25 stycznia 2017 roku Laboratorium Neurokognitywne w Interdyscyplinarnym Centrum Nowoczesnych Technologii organizuje międzynarodowe seminarium. W styczniowym seminarium gościem będzie dr Alex Cristia z paryskiego Laboratoire de Sciences Cognitives et Psycholinguistique, Centre National de la Recherche Scientifique, ENS-DEC, EHESS i  BabyLabu w Paryżu.

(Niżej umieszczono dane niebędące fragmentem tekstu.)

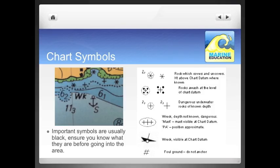Most important chart symbols, such as hazards, are shown in black on a chart. Here are some examples of some of the very important ones. Anything that's shaped as a star or a cross is generally rocks. WK means wreck. If you're not sure what any of the symbols are, it's worth looking it up in Chart 5011 before going into that area.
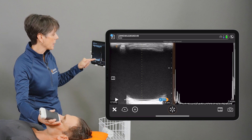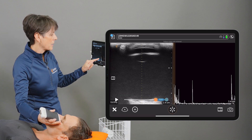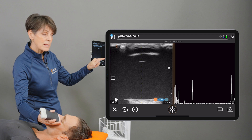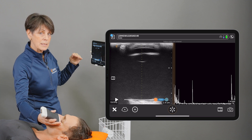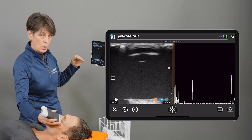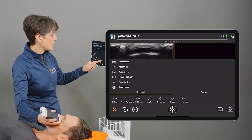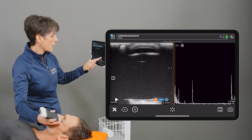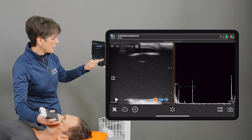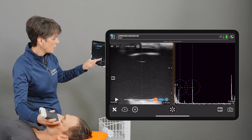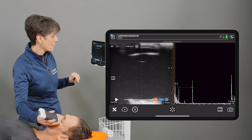Now if there's something that I missed, I can cine back. Right here are the different spikes that represent all of the structures that the sound is encountering on the way through the eye. I can now go in and measure distance — say, from the anterior to the posterior lens — and we get a nice, accurate measurement.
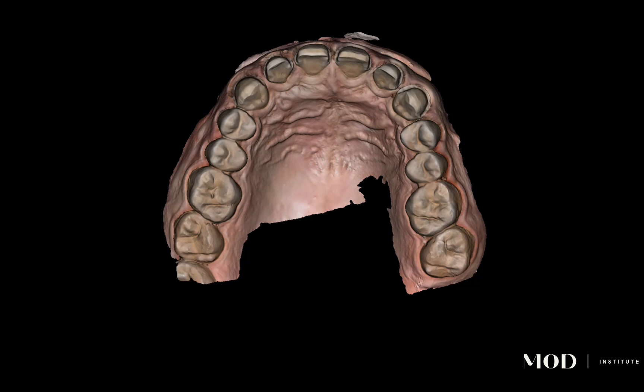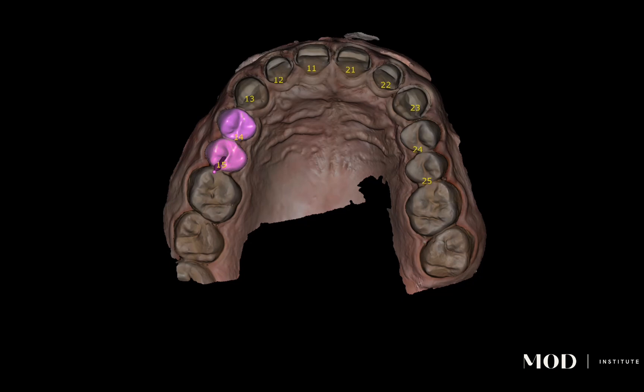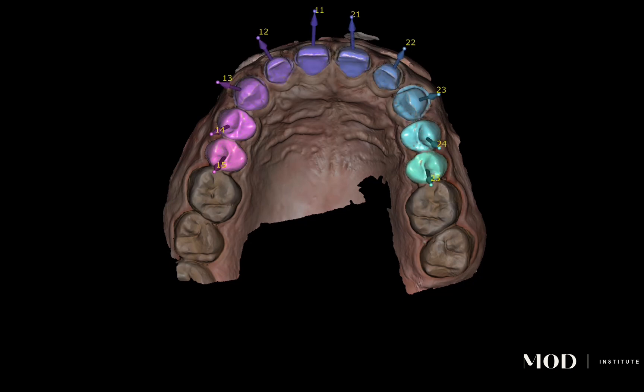Here we can see my upper arch with a combination of no-prep, min-prep, and aggressive prep veneers. The software automatically identifies the teeth I had selected as the antagonist, and it's going to segment each tooth out automatically.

Standing on the shoulders of infant giants

Seminarium rozpocznie się 25 stycznia o godzinie 11.00 w sali I, parter Collegium Minus UMK (“Harmonijka”), ul. Fosa Staromiejska 1a. Alex Cristia wygłosi wykład Standing on the shoulders of infant giants: How to utilize others’ research to inform your theory and practice.

Alex Cristia

Standing on the shoulders of infant giants: How to utilize others’ research to inform your theory and practice

One of the first tasks thought to be facing infant language learners involves learning the sound system of their native language, its phonology. A mainstream explanation for this process holds that infants keep track of the syntagmatic (and/or paradigmatic) distributions of sounds in their input. In this talk, I will start by reviewing evidence from an individual variation study [1] and a laboratory learning experiment [2] whose results are in line with this proposal. A single study, however, well-constructed it may be, is only one measurement of an measurement of the underlying phenomenon. In this context, “big data” approaches can provide us with a more accurate estimation of the reliability and strength of certain experimental approaches. I discuss the complementary strengths of two avenues for big data available to those doing infant research: meta-analyses [3,5,7,8] and (large) cross-lab collaborations [4,6,9]. Meta-analytic methods help us make the most of previously published research, informing us on which procedures are most likely to be informative, and whether a given phenomenon is robustly measurable. Cross-lab collaborations, for their part, can help us gain a firmer grasp on the empirical measurement of infants’ developing language skills, while reducing the risks of working with an intrinsically variable population.